Source data
*-*-*
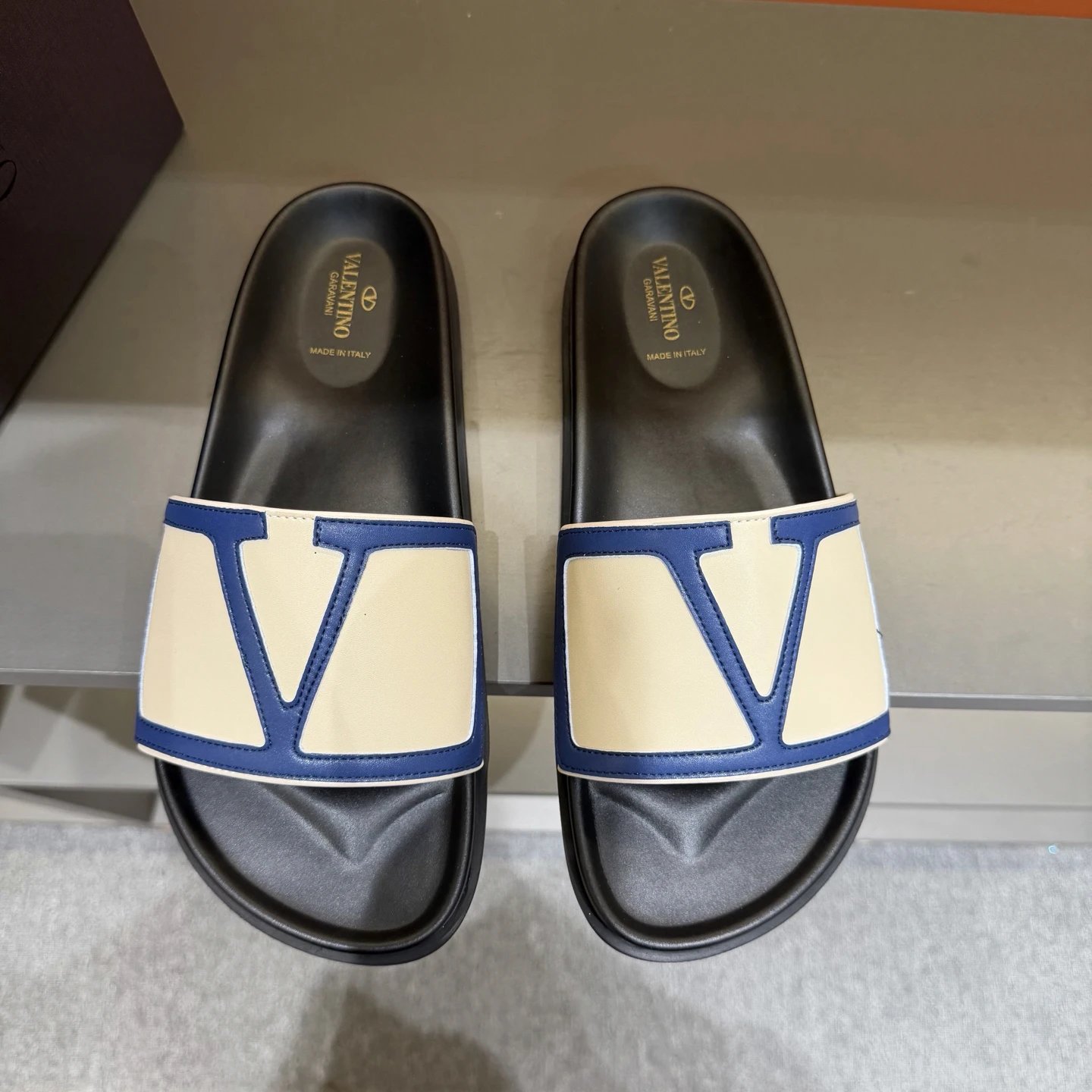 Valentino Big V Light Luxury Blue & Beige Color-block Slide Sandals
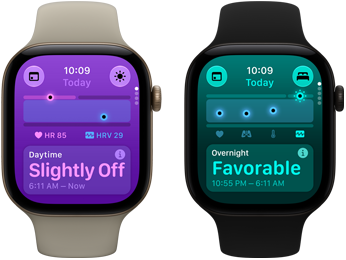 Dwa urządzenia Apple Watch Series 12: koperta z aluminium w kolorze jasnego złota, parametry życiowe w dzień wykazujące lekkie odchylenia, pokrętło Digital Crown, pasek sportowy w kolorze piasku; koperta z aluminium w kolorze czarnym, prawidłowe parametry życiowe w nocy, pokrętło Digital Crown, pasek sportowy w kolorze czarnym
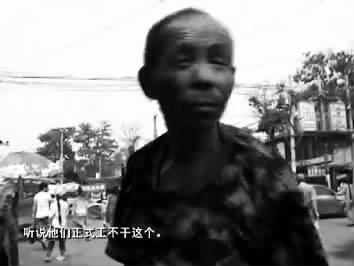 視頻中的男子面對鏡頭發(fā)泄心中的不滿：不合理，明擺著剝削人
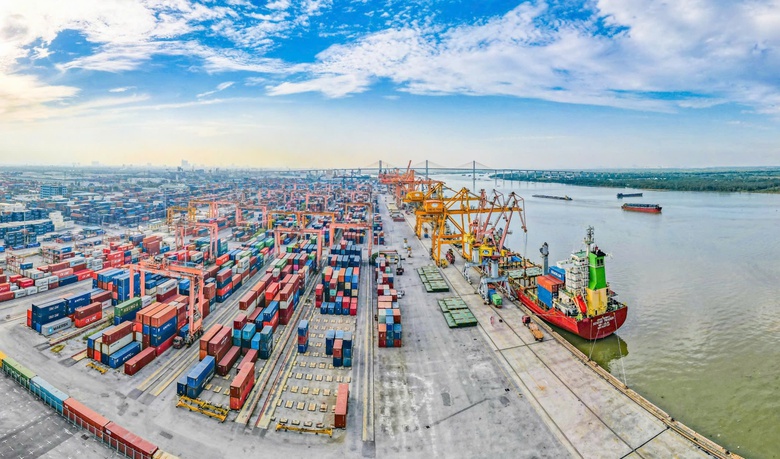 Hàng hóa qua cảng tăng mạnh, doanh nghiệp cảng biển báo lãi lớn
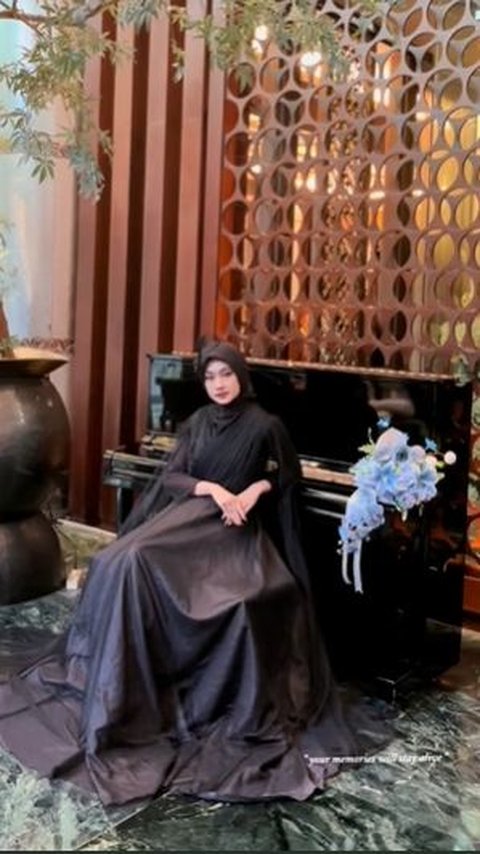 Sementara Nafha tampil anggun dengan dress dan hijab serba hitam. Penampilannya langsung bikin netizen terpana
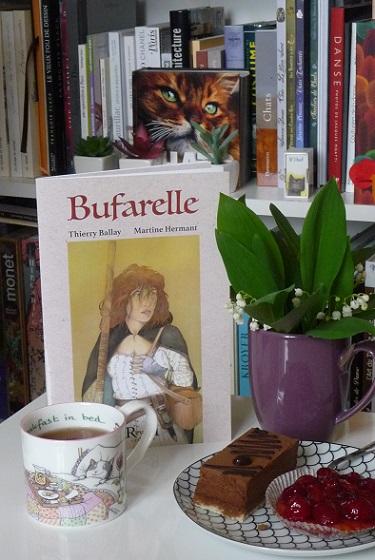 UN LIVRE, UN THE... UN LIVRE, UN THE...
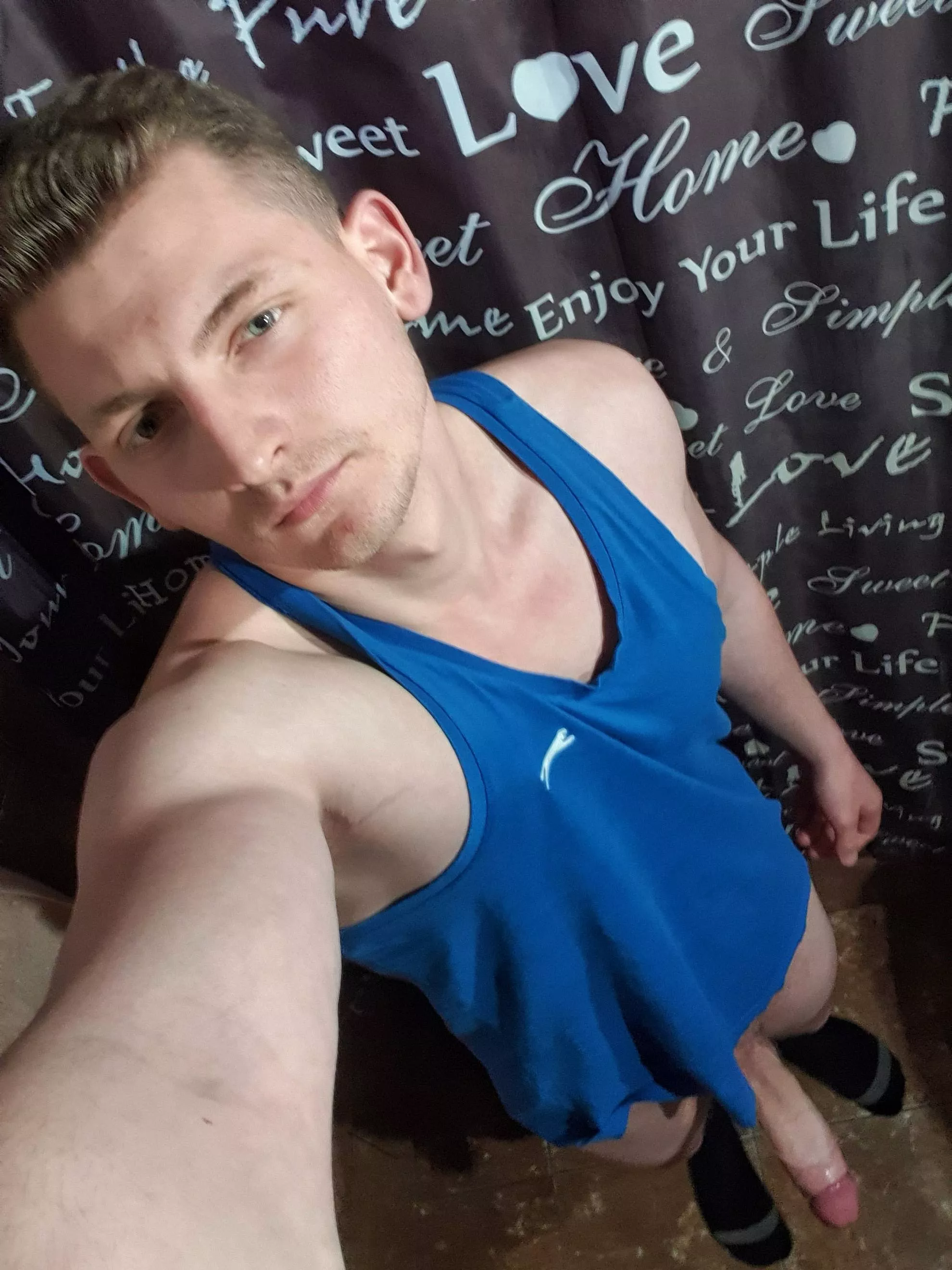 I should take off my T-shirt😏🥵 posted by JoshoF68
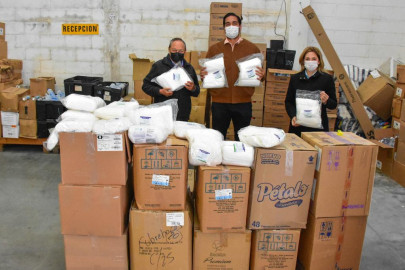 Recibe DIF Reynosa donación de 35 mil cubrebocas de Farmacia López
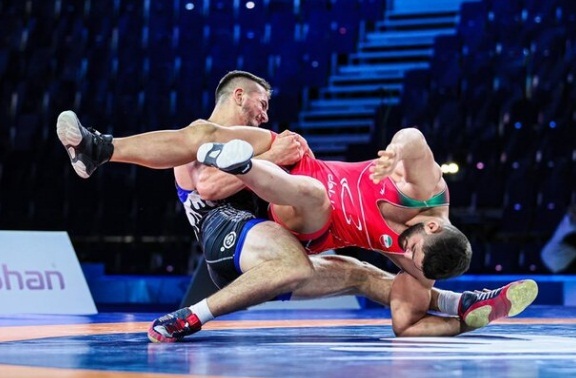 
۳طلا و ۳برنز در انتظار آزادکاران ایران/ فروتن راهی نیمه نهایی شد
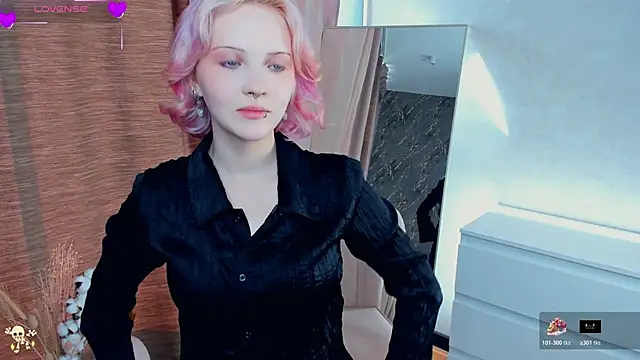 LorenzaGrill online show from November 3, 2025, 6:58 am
*-*-*
EXERCISE PROMPT:
All of the entries need to be retyped word for word, pictures excluded.

YOUR SOLUTION:
 Valentino Big V Light Luxury Blue & Beige Color-block Slide Sandals
 Dwa urządzenia Apple Watch Series 12: koperta z aluminium w kolorze jasnego złota, parametry życiowe w dzień wykazujące lekkie odchylenia, pokrętło Digital Crown, pasek sportowy w kolorze piasku; koperta z aluminium w kolorze czarnym, prawidłowe parametry życiowe w nocy, pokrętło Digital Crown, pasek sportowy w kolorze czarnym
 視頻中的男子面對鏡頭發(fā)泄心中的不滿：不合理，明擺著剝削人
 Hàng hóa qua cảng tăng mạnh, doanh nghiệp cảng biển báo lãi lớn
 Sementara Nafha tampil anggun dengan dress dan hijab serba hitam. Penampilannya langsung bikin netizen terpana
 UN LIVRE, UN THE... UN LIVRE, UN THE...
 I should take off my T-shirt😏🥵 posted by JoshoF68
 Recibe DIF Reynosa donación de 35 mil cubrebocas de Farmacia López
۳طلا و ۳برنز در انتظار آزادکاران ایران/ فروتن راهی نیمه نهایی شد
 LorenzaGrill online show from November 3, 2025, 6:58 am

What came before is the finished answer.